If it takes too long on your VM have a look at the prerun results:

cd ~/repos/strain_resolution_practical/STRONG_prerun/bayespaths/Bin_2

Otherwise stay in this dir.

Then let's look at the output files:

Bin_2F_Pred.csv

Bin_2F_Pred.csv contains coverage of unitigs as well as coverage from strain contributions.

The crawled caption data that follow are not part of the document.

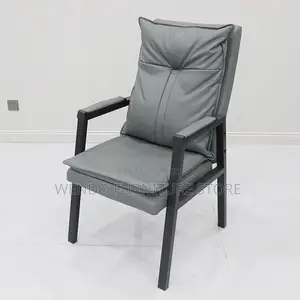 Office Chairs; High Back Executive Reception Four Legged Chairs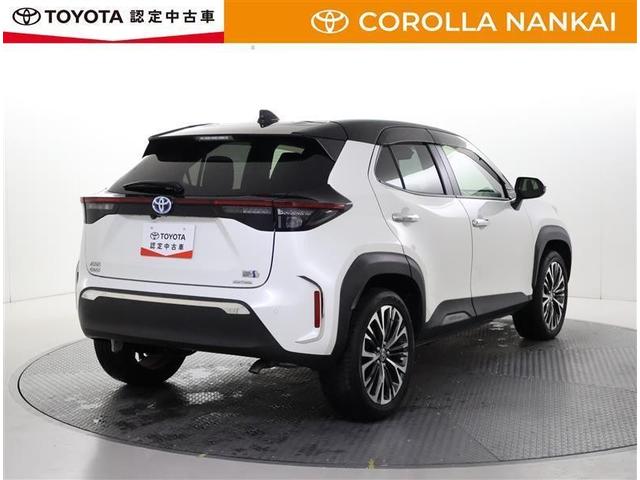 ヤリスクロス ハイブリッドＺ　フルセグ　バックカメラ　衝突被害軽減システム　ＥＴＣ　ＬＥＤヘッドランプ　ワンオーナー（3枚目）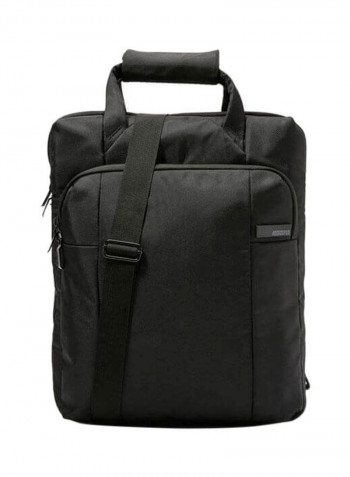 Rookie 3-Way Convertible Backpack Black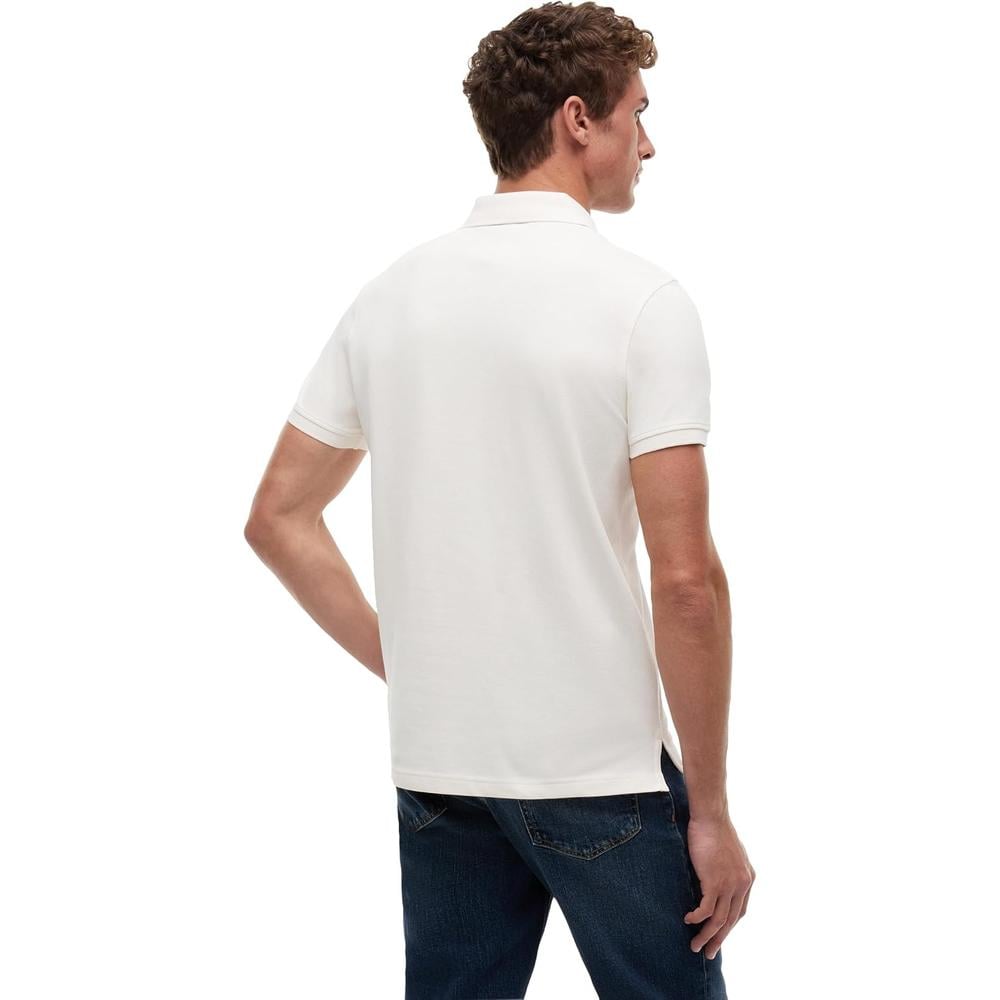POLO PARA HOMBRE TOMMY HILFIGER 1985 REGULAR FIT MANGA CORTA MARFIL - 4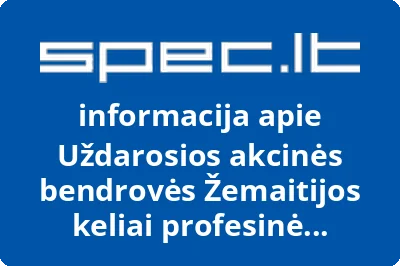 Uždarosios akcinės bendrovės Žemaitijos keliai profesinė sąjunga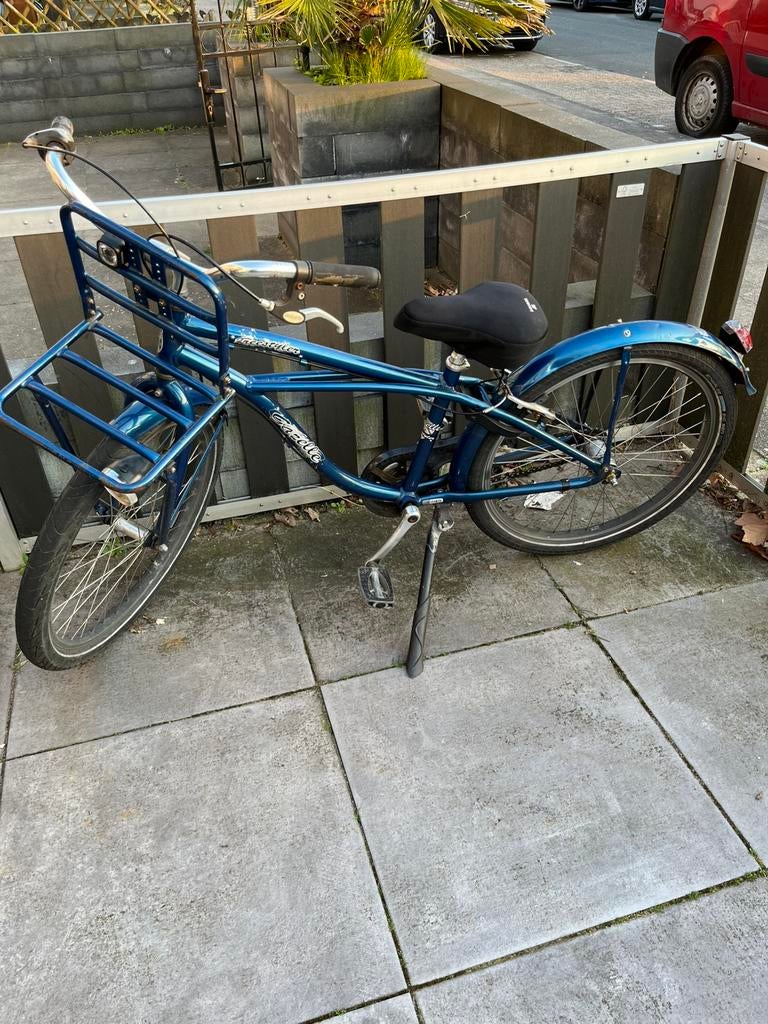 Stoere fiets 24 inch, Minder dan 47 cm, Ophalen of Verzenden, Zo goed als nieuw, Staal
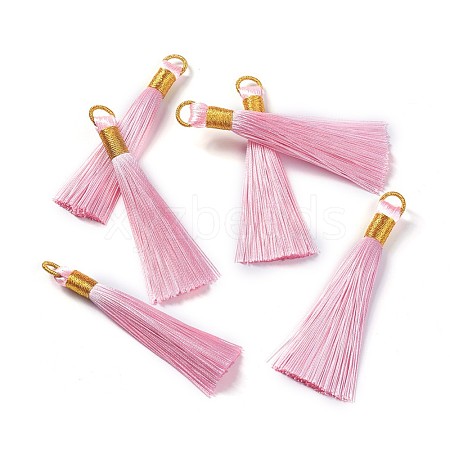 Nylon Tassel Big Pendants FIND-F008-E08-1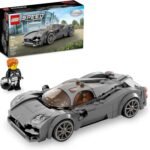 LEGO Speed Champions Pagani Utopia 76915 Race Car Toy Model Building Kit, Italian Hypercar, Collectible Racing Vehicle, 2023 Set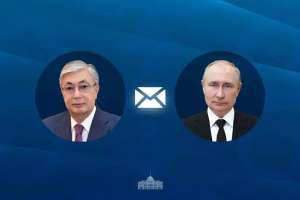 Мемлекет басшысы Ресей Президентіне құттықтау жеделхатын жолдады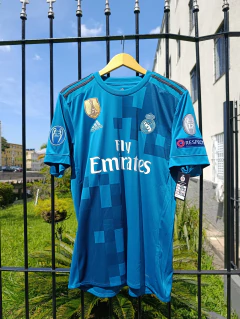 Camisa Real Madrid 17/18 - Away - comprar online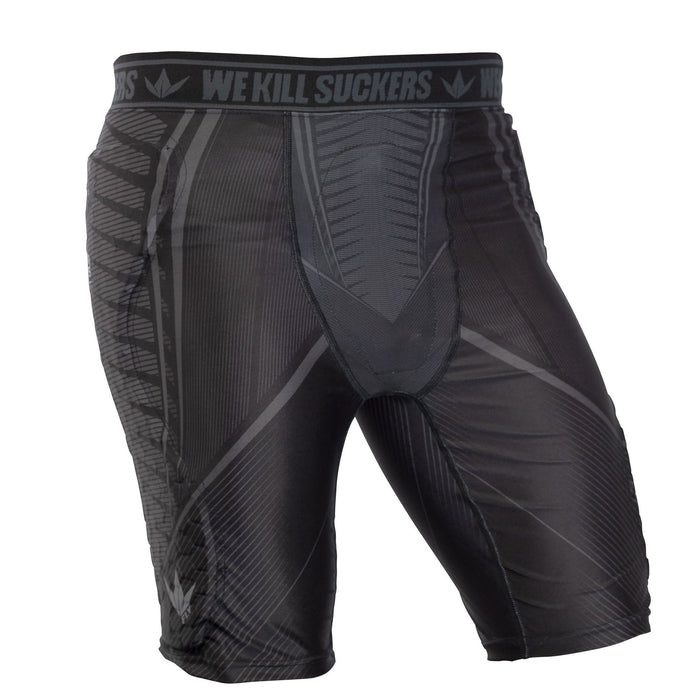 BUNKER KINGS FLY COMPRESSION SHORTS - CHOOSE SIZE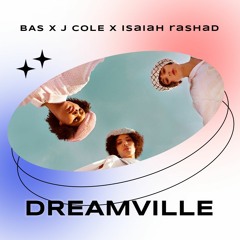 (FREE) bas x j cole x isaiah rashad type beat 2022 "dreamville"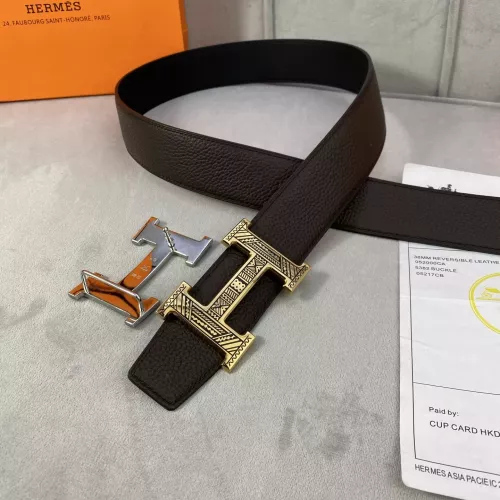 Replica Hermes AAA Quality Belts For Men #1365637 $64.00 USD for Wholesale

Let's generate a simple plot of fit:

R
Pred <- read.csv('Bin_2F_Pred.csv',header=T)
library(ggplot2)
pdf('X.pdf')
qplot(data=Pred,x=X_est,y=X) + geom_smooth() + theme_bw()
dev.off()
q()

Then visualise plot:

evince X.pdf

X

Bin_2F_maxPath.tsv

grep "COG0060" Bin_2F_maxPath.tsv | sed 's/COG0060_//g' > Bin_2F_maxPath_COG0060.tsv
python ~/repos/STRONG/BayesPaths/scripts/Add_color.py ../../subgraphs/bin_merged/Bin_2/simplif/COG0060.gfa Bin_2F_maxPath_COG0060.tsv > COG0060_color.gfa

This can be visualised in Bandage on your local machine may be easier

Bandage load COG0060_color.gfa

X

We can also look at the time series of strain abundances:

cp ~/repos/strain_resolution_practical/scripts/GammaPlot.R .
R
source('GammaPlot.R')
q()

X

Generate results

If the STRONG bayespaths step has finished we can generate results dir now:

cd /home/training/Projects/STRONG_AD
STRONG --config config.yaml STRONG_OUT results --threads 8 --verbose

The summary files gives information on number of mags, strains and taxonomy. Other files shows concatenation of Bin specific results.

Bin specific results

cd ~/Projects/STRONG_AD/STRONG_OUT/results/Bin_2

Joined graph is useful indicates that we have probably missed a strain on this example, this might be down to not running gene filtering or multiple NMF iterations.

Bin_2_Joined

The haplotypes_tree.pdf has a phylogeny of strains and a heatmap giving percent divergences.

Tree_2

Haplo_cov_

MAG taxonomy

STRONG will run gtdb on MAGs as standard but this is too slow and uses too much RAM. For now just have a look at the pre-run results:

cd ~/Projects/STRONG_AD/STRONG_OUT
ln -s ~/repos/strain_resolution_practical/STRONG_prerun/results result_prerun

Have a look at the summary file to find out the identity of the MAGs.

more summary.tsv

To run gtdb you need to add a line inside the config file with the path to gtdb database.

Extra things

Can you run STRONG with metabat2?

Can you taxonomically assign contigs with Kraken?